Unit-unit ini termasuk Batalyon Infanteri ke-31 yang memiliki tiga unit tanggap bencana (DRUs) yang terdiri dari 23 prajurit dan anggota Aktivitas Bala Bantuan Angkatan Bersenjata Warga (CAFGU), serta tiga kendaraan di Barangay Salugan, Camalig, Albay, katanya.

“Sementara itu, Batalyon Infanteri ke-49 telah mendeploy DRU dengan lima personel terdaftar, empat anggota CAA, dan satu kendaraan di Guinobatan, ditambah hubungan di Legazpi, Guinobatan, dan Kota Ligao,” ungkap Dema-ala.

Selain itu, Dema-ala mengatakan Divisi Infanteri ke-9 memiliki 22 DRU siaga, siap untuk memperkuat unit yang dikerahkan melawan aktivitas gunung berapi yang mungkin memburuk.

“Hingga saat ini, lebih dari 4.000 paket makanan telah didistribusikan sebagai bagian dari gelombang bantuan awal kepada penduduk yang terkena dampak dan tergusur oleh ketidaknyamanan gunung berapi di sembilan kabupaten dan kota Albay, termasuk Guinobatan, Camalig, Daraga, Tabaco, Malilipot, Legazpi, Ligao, Santo Domingo, dan Bacacay,” katanya.

Ketidaknyamanan gunung berapi Gunung Mayon masih ditandai oleh emisi abu intermiten, aliran lava, dan ancaman Arus Guguran Densitas Pirolastik atau “uson” dan aliran lava, terutama di dalam zona bahaya permanen pada saat ini.

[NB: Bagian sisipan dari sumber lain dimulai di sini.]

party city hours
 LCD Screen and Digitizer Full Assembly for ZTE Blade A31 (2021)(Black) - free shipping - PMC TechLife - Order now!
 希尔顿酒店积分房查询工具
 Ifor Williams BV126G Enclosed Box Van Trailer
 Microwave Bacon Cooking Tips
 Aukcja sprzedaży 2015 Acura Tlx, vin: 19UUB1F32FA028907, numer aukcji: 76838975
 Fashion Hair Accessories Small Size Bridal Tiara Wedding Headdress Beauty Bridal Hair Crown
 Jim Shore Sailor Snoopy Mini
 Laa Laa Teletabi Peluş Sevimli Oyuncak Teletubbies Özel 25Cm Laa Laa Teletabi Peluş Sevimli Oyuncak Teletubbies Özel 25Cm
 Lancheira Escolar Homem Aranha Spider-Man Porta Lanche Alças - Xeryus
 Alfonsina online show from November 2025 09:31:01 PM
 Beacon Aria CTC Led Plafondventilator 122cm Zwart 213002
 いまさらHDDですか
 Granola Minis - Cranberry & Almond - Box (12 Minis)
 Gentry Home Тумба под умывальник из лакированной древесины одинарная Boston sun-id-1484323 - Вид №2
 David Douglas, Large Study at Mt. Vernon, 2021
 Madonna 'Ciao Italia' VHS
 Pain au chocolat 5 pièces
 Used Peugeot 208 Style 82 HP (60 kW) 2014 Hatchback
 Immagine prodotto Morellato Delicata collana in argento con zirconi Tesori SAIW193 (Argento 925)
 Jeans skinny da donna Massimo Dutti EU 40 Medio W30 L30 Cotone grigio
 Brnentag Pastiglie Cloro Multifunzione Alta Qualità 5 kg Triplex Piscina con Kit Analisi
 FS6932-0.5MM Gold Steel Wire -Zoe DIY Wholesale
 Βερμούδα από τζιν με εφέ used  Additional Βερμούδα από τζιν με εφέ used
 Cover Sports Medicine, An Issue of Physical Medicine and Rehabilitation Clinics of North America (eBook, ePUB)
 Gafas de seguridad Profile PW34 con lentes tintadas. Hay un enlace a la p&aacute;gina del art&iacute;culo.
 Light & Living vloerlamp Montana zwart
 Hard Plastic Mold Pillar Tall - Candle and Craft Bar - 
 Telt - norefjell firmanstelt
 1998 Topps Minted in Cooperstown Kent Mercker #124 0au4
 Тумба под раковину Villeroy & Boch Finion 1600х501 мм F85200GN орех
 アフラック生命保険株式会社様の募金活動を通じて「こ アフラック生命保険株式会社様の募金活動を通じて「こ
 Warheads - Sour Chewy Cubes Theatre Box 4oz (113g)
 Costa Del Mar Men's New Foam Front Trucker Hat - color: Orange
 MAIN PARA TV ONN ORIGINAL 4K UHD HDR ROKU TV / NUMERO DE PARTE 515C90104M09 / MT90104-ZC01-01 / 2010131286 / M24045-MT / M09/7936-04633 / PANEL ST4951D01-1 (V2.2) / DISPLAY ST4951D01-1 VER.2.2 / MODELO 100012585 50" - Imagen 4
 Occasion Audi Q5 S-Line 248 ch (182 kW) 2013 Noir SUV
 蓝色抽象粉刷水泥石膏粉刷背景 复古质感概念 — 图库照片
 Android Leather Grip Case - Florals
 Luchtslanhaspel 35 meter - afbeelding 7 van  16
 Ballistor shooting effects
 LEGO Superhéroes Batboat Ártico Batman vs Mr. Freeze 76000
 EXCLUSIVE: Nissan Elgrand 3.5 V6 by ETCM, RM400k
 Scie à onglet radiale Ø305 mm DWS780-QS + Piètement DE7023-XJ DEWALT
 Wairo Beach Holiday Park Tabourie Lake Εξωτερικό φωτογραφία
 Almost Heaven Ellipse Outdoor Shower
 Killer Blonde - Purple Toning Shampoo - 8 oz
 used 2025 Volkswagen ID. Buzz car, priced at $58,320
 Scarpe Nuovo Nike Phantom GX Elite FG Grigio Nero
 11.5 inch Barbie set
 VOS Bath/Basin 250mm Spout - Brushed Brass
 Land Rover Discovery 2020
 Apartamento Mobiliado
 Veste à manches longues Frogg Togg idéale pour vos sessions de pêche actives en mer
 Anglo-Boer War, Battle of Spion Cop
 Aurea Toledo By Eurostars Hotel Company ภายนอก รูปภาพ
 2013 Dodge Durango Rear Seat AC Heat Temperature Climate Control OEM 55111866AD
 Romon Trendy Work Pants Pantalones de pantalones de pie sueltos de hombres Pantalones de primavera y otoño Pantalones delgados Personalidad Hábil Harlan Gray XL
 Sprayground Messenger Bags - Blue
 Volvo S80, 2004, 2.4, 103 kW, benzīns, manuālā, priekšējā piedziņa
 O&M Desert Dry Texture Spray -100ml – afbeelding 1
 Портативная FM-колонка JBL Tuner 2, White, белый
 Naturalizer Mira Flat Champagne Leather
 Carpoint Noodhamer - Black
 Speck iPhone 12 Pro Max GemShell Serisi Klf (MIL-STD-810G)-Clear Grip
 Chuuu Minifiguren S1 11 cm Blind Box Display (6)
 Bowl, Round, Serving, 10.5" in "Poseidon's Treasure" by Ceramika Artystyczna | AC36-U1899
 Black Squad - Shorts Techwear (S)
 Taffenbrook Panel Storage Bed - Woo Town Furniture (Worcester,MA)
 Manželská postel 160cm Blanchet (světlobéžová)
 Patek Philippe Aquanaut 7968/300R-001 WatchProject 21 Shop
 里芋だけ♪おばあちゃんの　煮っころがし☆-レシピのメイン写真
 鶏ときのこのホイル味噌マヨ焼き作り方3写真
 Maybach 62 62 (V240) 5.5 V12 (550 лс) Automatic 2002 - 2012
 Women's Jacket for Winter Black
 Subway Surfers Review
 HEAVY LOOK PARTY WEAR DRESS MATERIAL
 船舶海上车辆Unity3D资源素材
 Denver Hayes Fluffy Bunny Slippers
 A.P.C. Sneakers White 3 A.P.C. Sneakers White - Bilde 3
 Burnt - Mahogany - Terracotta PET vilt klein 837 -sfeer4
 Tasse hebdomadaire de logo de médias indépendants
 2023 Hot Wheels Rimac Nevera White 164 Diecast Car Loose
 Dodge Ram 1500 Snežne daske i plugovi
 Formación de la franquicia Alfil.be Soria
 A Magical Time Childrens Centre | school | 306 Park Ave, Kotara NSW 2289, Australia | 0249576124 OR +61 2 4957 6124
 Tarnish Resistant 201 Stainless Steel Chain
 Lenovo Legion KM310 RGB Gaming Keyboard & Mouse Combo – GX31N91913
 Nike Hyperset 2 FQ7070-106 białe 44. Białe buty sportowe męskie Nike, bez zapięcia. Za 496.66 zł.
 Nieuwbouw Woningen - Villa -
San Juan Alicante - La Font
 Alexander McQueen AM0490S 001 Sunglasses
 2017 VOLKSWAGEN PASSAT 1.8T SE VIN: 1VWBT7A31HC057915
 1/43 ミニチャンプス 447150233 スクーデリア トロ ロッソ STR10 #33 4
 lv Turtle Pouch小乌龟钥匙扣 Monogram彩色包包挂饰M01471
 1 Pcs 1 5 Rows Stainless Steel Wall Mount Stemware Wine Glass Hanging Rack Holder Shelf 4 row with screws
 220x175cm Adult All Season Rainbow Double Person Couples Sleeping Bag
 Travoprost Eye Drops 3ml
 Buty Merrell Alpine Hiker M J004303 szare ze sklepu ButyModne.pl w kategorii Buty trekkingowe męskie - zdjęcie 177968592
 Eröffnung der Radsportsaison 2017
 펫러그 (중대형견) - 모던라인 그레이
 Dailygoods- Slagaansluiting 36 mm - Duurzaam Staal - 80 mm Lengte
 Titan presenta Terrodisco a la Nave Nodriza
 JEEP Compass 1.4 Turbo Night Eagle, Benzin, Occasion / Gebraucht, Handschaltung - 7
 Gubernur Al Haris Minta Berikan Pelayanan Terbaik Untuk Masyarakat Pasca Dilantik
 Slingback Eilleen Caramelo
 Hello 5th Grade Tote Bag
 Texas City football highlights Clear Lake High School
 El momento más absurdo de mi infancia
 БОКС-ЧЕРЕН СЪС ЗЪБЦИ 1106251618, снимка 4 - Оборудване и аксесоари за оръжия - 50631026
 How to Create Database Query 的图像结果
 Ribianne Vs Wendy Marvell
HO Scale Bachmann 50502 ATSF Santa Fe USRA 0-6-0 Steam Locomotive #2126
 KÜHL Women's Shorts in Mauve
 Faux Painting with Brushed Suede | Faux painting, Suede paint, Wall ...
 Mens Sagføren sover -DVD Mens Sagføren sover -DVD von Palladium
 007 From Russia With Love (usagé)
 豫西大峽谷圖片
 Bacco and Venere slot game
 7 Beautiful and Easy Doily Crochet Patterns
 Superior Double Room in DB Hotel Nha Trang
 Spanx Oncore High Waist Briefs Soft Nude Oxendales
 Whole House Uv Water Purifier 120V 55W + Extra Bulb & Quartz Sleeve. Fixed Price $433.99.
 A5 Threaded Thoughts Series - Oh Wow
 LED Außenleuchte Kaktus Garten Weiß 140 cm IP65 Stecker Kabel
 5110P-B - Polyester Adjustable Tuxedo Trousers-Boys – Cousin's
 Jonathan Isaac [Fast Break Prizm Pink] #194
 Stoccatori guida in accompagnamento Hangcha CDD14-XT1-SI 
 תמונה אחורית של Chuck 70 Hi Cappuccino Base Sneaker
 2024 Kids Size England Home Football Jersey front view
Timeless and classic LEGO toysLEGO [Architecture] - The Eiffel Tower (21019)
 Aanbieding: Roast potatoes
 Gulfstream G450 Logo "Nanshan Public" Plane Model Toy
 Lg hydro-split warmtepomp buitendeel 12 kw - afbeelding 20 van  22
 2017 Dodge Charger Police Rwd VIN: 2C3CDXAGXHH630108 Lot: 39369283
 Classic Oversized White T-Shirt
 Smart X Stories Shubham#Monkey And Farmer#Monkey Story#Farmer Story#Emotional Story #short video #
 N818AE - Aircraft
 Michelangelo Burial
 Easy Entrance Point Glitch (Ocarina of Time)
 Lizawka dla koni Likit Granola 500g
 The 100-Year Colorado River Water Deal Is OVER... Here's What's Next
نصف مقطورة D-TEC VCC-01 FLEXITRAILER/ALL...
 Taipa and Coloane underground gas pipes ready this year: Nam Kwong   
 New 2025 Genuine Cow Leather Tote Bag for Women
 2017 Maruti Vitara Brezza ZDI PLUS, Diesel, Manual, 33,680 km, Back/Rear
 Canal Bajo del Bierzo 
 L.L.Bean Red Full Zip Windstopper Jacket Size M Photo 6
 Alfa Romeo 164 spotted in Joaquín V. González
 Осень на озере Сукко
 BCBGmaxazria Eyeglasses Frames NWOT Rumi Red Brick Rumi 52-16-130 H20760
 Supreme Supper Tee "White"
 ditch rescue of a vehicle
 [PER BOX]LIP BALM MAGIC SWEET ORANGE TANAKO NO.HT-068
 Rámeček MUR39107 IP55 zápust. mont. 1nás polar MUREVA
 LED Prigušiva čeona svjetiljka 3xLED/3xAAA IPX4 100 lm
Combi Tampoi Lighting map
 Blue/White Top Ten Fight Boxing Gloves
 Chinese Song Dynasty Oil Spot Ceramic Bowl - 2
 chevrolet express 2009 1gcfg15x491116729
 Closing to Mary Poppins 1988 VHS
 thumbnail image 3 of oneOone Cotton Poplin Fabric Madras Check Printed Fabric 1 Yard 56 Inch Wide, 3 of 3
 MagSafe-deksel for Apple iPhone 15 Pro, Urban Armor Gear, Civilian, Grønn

“Operasi bantuan kemanusiaan dan tanggap bencana PA melibatkan pasukan yang beroperasi secara penuh dalam kemitraan dengan kantor-kantor tanggap bencana lokal dan unit-unit pemerintah lainnya untuk memastikan keselamatan rakyat Filipina di masa ketidaknyamanan dan krisis,” ujar Dema-ala.

Tentara Filipina (AFP) juga menyatakan terus menambah operasi HADR-nya di daerah terkena dampak.

“AFP bekerja sama dengan lembaga mitra untuk memastikan layanan penting tetap dapat diakses, termasuk menjaga jalan yang dapat dilalui dan mendukung operasi pembersihan yang sedang berlangsung di area yang terpengaruh abu,” kata juru bicara AFP Kol. Francel Margareth Padilla dalam pesan terpisah.

“Pertolongan terus mencapai keluarga yang terkena dampak baik di dalam maupun di luar pusat evakuasi,” katanya.